***** Available data *****
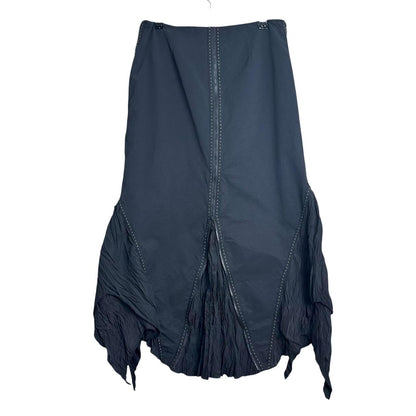 Pointed skirt with contrast stitching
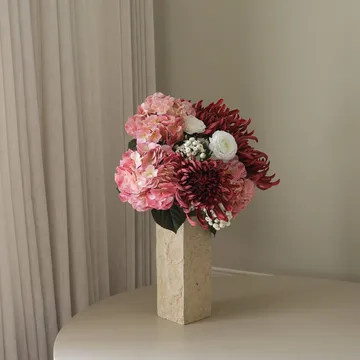 Rose reverie tekokukkakimppu - Hortensia, hämähäkkikrysanteemi, jaloleinikki, 77 cm - Botané
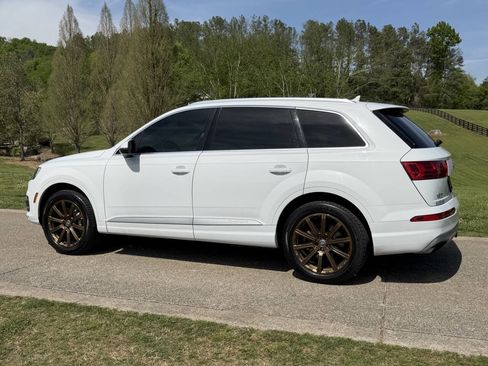 Used 2017 Audi Q7 3.0T Premium Plus image 4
*****
* _Directions_: Leave every picture out. Retype the remaining data exactly.

* _Result for this task_:
 Pointed skirt with contrast stitching
 Rose reverie tekokukkakimppu - Hortensia, hämähäkkikrysanteemi, jaloleinikki, 77 cm - Botané
 Used 2017 Audi Q7 3.0T Premium Plus image 4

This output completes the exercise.